Will Internet pharmacies hurt you?

Since Canadian Internet pharmacies first hit the web in 2001, the issue of how cross-border drug buying by Americans will affect us has been a hot topic both here and in the U.S.

Various high-profile organizations in this country, including CARP, have published their positions on the subject. The issue came up as part of the platform in U.S. presidential campaigns by George Bush and John Kerry. And, at the start of the year, pharmaceutical giant GlaxoSmithKline took the unprecedented step of banning the supply of their drugs to online pharmacies in an effort to quell the huge number of drugs earmarked for Canadians leaving this country for the U.S.

Why is it an issue?
Because Canada’s drug prices and quantities are regulated and American drugs are not, Canadians pay less for their drugs. In fact, some drugs prices in Canada are up to 50 per cent cheaper than in the States. Coupled with the low value of our Canadian dollar, buying cheap drugs from Canada has become an attractive option for U.S. seniors who are on fixed incomes and may have no drug plan. And at an estimated $1 billion annually, it’s big money for the more than 200anadian online pharmacy operations.

Will supply dwindle?
But according to the Canadian Pharmacists’ Association, selling our set supply of prescriptions to a foreign pharmaceutical market 20 times our size is going to impact the Canadian health-care system. “Our first concern is that no shortages occur to prevent us from getting our drugs when we need them,” explains Lillian Morgenthau, founder and president of CARP. “Canadians come first.”
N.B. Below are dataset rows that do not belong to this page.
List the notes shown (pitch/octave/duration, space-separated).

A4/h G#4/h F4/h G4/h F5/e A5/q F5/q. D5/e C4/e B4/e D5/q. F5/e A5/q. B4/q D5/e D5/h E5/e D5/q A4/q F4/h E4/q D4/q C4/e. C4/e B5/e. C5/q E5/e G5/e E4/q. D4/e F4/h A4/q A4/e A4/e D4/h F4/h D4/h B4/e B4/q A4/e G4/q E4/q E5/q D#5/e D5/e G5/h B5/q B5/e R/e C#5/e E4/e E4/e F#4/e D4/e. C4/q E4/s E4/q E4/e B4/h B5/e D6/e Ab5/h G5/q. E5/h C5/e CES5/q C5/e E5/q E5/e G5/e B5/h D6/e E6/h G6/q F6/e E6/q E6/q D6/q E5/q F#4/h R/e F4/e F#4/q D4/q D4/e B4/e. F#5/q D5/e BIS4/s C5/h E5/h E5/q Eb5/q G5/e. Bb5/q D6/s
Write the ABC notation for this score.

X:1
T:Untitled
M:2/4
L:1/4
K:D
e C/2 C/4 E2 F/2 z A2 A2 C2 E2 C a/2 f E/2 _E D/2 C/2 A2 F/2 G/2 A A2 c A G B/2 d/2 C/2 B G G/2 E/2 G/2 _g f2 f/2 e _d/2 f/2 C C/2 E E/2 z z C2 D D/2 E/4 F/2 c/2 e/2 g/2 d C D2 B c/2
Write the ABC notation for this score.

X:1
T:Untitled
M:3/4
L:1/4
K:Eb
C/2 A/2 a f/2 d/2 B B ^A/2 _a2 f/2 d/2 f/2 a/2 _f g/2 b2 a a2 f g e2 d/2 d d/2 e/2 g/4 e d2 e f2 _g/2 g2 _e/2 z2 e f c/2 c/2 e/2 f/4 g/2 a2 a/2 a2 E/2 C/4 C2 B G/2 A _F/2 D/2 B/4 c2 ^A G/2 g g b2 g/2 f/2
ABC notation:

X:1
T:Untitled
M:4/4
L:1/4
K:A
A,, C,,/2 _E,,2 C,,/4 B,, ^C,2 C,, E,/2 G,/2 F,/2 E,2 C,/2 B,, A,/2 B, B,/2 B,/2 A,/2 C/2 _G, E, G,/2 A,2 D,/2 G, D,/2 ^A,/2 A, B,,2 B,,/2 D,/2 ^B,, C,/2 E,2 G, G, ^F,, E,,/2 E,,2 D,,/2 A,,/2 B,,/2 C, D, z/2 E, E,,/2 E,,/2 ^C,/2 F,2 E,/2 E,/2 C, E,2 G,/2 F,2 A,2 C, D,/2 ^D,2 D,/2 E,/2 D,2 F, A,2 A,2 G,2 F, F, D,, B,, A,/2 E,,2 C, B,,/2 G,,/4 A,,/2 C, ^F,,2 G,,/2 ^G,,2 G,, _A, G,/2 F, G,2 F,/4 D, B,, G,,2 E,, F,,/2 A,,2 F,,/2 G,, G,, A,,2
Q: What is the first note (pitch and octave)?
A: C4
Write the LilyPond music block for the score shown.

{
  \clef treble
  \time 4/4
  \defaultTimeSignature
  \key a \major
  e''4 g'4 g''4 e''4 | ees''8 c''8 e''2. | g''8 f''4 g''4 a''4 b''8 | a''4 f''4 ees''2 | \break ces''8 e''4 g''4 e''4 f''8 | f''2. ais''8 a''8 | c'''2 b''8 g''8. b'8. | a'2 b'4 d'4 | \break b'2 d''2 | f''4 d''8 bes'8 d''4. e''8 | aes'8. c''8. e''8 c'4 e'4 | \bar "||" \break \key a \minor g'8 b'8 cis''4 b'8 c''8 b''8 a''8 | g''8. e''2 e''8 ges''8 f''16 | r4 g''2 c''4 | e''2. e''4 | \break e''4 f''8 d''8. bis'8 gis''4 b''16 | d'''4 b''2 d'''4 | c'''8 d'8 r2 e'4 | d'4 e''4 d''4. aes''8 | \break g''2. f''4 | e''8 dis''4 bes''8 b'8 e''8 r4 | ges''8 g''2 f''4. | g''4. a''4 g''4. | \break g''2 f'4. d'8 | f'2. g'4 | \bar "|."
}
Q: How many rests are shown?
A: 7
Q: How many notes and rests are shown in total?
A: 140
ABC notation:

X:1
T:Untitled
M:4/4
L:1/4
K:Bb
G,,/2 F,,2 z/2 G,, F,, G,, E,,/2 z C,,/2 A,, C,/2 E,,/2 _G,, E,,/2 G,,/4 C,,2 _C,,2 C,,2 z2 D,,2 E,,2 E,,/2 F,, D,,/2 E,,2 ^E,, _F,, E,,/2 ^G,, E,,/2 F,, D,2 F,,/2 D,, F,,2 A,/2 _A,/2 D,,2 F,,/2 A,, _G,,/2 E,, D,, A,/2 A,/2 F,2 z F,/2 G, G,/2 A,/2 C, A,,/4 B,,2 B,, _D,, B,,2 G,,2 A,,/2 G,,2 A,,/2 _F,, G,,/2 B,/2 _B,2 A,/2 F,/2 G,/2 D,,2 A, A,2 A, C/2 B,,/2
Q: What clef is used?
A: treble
Recently, an article in the Canadian Medical Association Journal reported that in Manitoba, which has become the centre of the Canadian Internet pharmacy industry, there are more than 45 online pharmacies in operation, pulling in about $400 million annually. As a result, non-Internet pharmacists in the province have reported shortages in drug quantities for Canadian customers unlike those they’ve ever experienced. “There’s a general feeling of uneasiness,” says Ron Guse, the province’s pharmacy registrar. “Before, pharmacists wouldn’t have given a second thought to giving their last bottle of medicine to a patient. That confidence doesn’t exist now.”

The Canadian Pharmacists Association has also expressed concern that selling drugs online at a reduced price to Americans may lead to pharmaceutical manufacturers placing more caps, as was the case with GlaxoSmithKline, on the amount of drugs being shipped in to Canada and may also delay the marketing of breakthrough drugs in this country.

What about safety?
Among the other issues of concern for CARP and other Canadian associations is the issue of safety for those buying their drugs online.

“Although prescription drugs require a Canadian doctor’s signature on all prescriptions filled in Canada, many doctors may be co-signing U.S. prescriptions,” explains Morgenthau. “It is CARP’s stand that a patient should be examined before a prescription is issued so that the doctor is aware of a patient’s health issues and any possible reactions to any drug.” Not all online pharmacies require a faxed copy of a doctor’s prescription.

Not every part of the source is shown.